◆ TASK REQUIREMENTS ◆
Report each line of the data that includes the word "Open".

◆ PROVIDED DATA ◆
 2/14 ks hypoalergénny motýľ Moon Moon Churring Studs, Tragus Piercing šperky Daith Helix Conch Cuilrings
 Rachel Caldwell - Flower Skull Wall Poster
--
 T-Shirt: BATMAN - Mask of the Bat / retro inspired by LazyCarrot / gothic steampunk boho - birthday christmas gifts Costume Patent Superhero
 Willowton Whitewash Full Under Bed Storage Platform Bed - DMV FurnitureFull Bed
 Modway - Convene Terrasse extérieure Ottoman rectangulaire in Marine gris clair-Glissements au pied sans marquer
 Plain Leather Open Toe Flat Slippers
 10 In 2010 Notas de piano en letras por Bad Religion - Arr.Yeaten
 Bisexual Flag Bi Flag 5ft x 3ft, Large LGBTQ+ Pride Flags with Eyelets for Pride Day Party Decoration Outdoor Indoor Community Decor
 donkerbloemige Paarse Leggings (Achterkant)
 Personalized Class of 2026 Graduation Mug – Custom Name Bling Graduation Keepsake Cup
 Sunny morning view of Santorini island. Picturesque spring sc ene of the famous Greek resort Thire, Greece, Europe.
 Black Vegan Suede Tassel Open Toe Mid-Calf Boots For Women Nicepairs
--
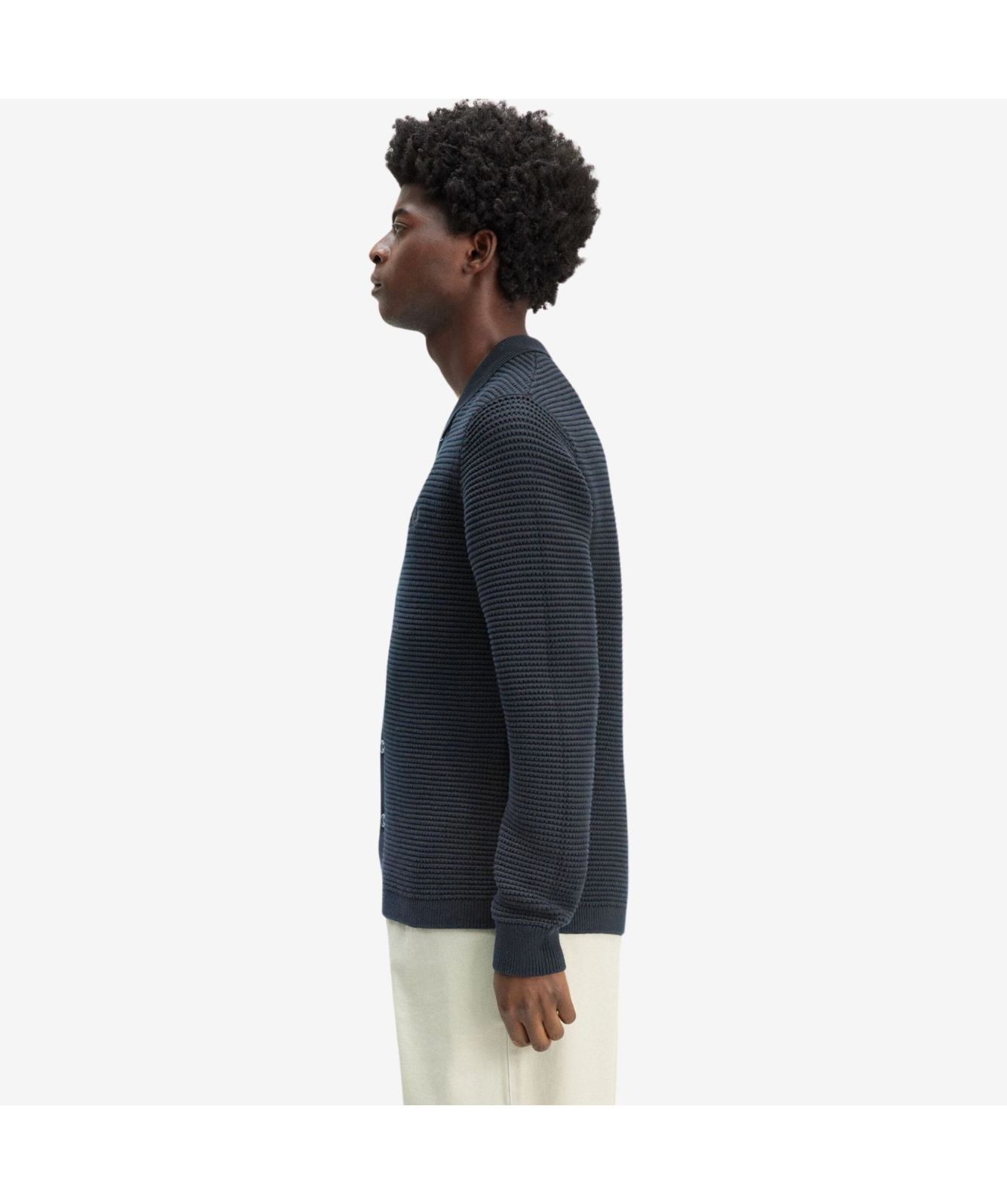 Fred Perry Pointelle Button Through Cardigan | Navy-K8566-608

◆ ANSWER SPACE ◆
 Plain Leather Open Toe Flat Slippers
 Black Vegan Suede Tassel Open Toe Mid-Calf Boots For Women Nicepairs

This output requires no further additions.